We investigated the effects of statins in a transgenic (tg) mouse model of NFTs, the double-mutant (DM) P301S/K257T that expresses tau protein under the regulation of the authentic tau promoter (DM-Tau-tg) (23). After statin treatment, we demonstrated a marked reduction in tau pathology/NFT burden assessed in independent studies; a decrease could be detected after short-term (i.e. 1 month) or long-term (i.e. 5 months) statin therapy using both blood-brain barrier (BBB)-permeable (simvastatin) and BBB-impermeable (atorvastatin) statins and in both normocholesterolemic and hypercholesterolemic mice. An improvement in memory deficits was also identified in young mice. Other cholesterol-lowering strategies resulted in only a limited anti-NFT effect, indicating that cholesterol lowering is not a major mechanism for reducing the NFT burden. A corresponding decrease in microglia burden in the CNS under statin therapy suggests that this process involves an anti-inflammatory activity, a possibility in accord with studies by us and others that indicate that induction of NFT pathology may involve immune-mediated mechanisms (24-27).
MATERIALS AND METHODS
The mouse model used was previously generated and described by us. These tg mice (DM-Tau-tg mice) express the human DM tau protein (P301S/K257T) regulated by the natural tau promoter. These mice exhibit a wide spectrum of features characteristic to tauopathy and AD, including NFTs in neurons as well as in glial cells, severely degenerated neurons, astrogliosis, plaquelike (i.e. amyloid-free) structures, anxiety, cognitive deficits, and in vivo long-term potentiation deficit (23). The DM-Tau-tg mice were crossed with CB6F1 mice to obtain tg offspring that were identified by polymerase chain reaction analysis of tail genomic DNA. All animal experiments were approved by the Animal Ethics Committee.
The study design is summarized in the Table. In a pilot study (Experiment I), 9-month-old DM-Tau-tg mice, fed with standard mouse low-fat diet (4% fat; Koffolk, Tel Aviv, Israel), were treated daily with or without 20 mg/kg simvastatin (Teva, Jerusalem, Israel) intraperitoneally for 1 month (n = 6/group). In a second experiment (Experiment II), 4-month-old DM-Tau-tg mice were treated with or without 30 mg/kg simvastatin in drinking water for 8 months (n = 14-16/group) with the standard mouse low-fat diet.
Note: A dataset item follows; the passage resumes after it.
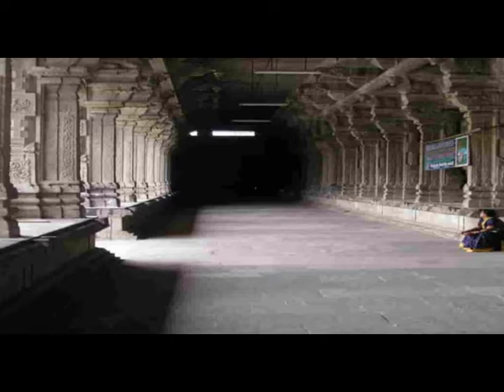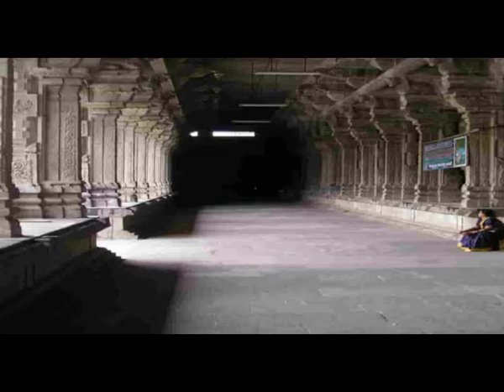Shiva's consort, Goddess Parvati, is depicted here as Gauridevi Amman. The temple was originally built by the Pallavas. It was then torn down and rebuilt by the Chola dynasty during the 9th century, with later expansions by the Vijayanagara dynasty.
TABLE. Treatment Des...Image Tools
In Experiment III, 4-month-old DM-Tau-tg mice were treated for 5 months with or without 0.01% atorvastatin (Pfizer, Morris Plains, NJ) (28) or with 0.005% cholesterol-lowering drug ezetimibe (Merck Sharp & Dohme, Cramlington, UK) (wt/wt) mixed in a high-fat chow diet ("western": enriched with 21 g percent fat, 40 kcal percent butterfat, 0.15% [wt/wt] cholesterol diet [Research Diets, New Brunswick, NJ] ; n = 6-8/group). In Experiment IV, 5-month-old DM-Tau-tg mice were fed for 5 months with the western or standard diet (n = 5-6/group).
Examination of Cholesterol Levels
Plasma samples were collected at the end of the studies, and total cholesterol levels were determined (30).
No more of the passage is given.